**What is expected:**
Among the lines below, a stretch begins at the one with "7, SOVEREIGN GROVE, LONG" and ends at the one with "DSVIMOY Patio Umbrellas, Outdoor". Repeat that stretch exactly, ends included.

**Listed records:**

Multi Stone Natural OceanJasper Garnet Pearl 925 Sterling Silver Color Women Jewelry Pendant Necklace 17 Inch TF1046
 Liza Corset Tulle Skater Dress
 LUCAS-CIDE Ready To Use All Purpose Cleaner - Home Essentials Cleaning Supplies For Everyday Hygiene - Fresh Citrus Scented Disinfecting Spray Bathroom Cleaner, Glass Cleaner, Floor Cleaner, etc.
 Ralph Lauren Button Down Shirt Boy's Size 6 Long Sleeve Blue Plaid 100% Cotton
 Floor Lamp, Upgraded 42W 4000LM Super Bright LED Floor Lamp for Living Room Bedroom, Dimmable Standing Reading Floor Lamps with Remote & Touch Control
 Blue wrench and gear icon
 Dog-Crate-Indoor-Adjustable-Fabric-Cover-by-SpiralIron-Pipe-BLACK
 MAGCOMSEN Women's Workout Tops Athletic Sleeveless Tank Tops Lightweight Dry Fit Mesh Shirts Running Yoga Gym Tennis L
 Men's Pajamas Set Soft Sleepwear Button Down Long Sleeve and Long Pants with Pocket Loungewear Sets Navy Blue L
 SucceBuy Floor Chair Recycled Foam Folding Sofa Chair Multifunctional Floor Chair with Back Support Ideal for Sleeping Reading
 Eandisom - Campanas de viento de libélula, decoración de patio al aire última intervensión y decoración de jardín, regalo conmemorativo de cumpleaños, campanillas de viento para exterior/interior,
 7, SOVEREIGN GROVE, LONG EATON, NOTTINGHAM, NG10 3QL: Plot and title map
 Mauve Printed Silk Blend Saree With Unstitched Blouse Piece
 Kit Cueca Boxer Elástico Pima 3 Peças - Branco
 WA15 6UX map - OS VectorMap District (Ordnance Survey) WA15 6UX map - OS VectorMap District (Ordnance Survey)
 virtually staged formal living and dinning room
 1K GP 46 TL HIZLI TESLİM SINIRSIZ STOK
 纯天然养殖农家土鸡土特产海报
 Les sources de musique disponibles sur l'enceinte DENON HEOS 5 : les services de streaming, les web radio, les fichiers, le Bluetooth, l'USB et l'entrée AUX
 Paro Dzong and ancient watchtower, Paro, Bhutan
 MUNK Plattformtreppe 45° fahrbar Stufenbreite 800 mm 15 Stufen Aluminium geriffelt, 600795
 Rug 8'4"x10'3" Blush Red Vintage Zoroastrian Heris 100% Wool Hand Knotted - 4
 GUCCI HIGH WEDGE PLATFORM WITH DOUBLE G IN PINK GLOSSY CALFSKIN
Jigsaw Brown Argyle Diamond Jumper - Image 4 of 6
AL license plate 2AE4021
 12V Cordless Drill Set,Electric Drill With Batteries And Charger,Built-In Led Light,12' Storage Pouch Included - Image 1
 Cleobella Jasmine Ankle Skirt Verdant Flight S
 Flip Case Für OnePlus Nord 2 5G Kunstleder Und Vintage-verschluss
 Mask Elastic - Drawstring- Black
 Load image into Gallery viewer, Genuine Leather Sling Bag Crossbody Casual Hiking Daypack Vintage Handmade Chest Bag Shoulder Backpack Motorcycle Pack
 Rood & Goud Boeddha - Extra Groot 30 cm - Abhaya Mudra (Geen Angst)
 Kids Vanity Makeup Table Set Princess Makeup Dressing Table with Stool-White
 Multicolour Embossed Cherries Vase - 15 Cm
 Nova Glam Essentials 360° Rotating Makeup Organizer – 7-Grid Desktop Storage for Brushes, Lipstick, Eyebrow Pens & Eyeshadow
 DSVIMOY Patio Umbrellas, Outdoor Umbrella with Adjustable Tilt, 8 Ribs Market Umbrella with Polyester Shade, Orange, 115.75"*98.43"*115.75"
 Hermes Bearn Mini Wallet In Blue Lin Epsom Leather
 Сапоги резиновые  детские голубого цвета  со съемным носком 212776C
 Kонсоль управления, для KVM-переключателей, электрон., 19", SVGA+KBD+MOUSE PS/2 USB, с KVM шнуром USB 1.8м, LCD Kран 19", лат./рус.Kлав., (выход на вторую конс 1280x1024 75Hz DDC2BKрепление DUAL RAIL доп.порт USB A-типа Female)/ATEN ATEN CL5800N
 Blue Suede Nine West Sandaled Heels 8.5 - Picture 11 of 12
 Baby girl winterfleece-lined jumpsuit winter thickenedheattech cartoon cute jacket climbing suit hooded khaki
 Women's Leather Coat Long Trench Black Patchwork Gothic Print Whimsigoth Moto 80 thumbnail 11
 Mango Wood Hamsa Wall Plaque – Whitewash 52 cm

**Written answer:**
 7, SOVEREIGN GROVE, LONG EATON, NOTTINGHAM, NG10 3QL: Plot and title map
 Mauve Printed Silk Blend Saree With Unstitched Blouse Piece
 Kit Cueca Boxer Elástico Pima 3 Peças - Branco
 WA15 6UX map - OS VectorMap District (Ordnance Survey) WA15 6UX map - OS VectorMap District (Ordnance Survey)
 virtually staged formal living and dinning room
 1K GP 46 TL HIZLI TESLİM SINIRSIZ STOK
 纯天然养殖农家土鸡土特产海报
 Les sources de musique disponibles sur l'enceinte DENON HEOS 5 : les services de streaming, les web radio, les fichiers, le Bluetooth, l'USB et l'entrée AUX
 Paro Dzong and ancient watchtower, Paro, Bhutan
 MUNK Plattformtreppe 45° fahrbar Stufenbreite 800 mm 15 Stufen Aluminium geriffelt, 600795
 Rug 8'4"x10'3" Blush Red Vintage Zoroastrian Heris 100% Wool Hand Knotted - 4
 GUCCI HIGH WEDGE PLATFORM WITH DOUBLE G IN PINK GLOSSY CALFSKIN
Jigsaw Brown Argyle Diamond Jumper - Image 4 of 6
AL license plate 2AE4021
 12V Cordless Drill Set,Electric Drill With Batteries And Charger,Built-In Led Light,12' Storage Pouch Included - Image 1
 Cleobella Jasmine Ankle Skirt Verdant Flight S
 Flip Case Für OnePlus Nord 2 5G Kunstleder Und Vintage-verschluss
 Mask Elastic - Drawstring- Black
 Load image into Gallery viewer, Genuine Leather Sling Bag Crossbody Casual Hiking Daypack Vintage Handmade Chest Bag Shoulder Backpack Motorcycle Pack
 Rood & Goud Boeddha - Extra Groot 30 cm - Abhaya Mudra (Geen Angst)
 Kids Vanity Makeup Table Set Princess Makeup Dressing Table with Stool-White
 Multicolour Embossed Cherries Vase - 15 Cm
 Nova Glam Essentials 360° Rotating Makeup Organizer – 7-Grid Desktop Storage for Brushes, Lipstick, Eyebrow Pens & Eyeshadow
 DSVIMOY Patio Umbrellas, Outdoor Umbrella with Adjustable Tilt, 8 Ribs Market Umbrella with Polyester Shade, Orange, 115.75"*98.43"*115.75"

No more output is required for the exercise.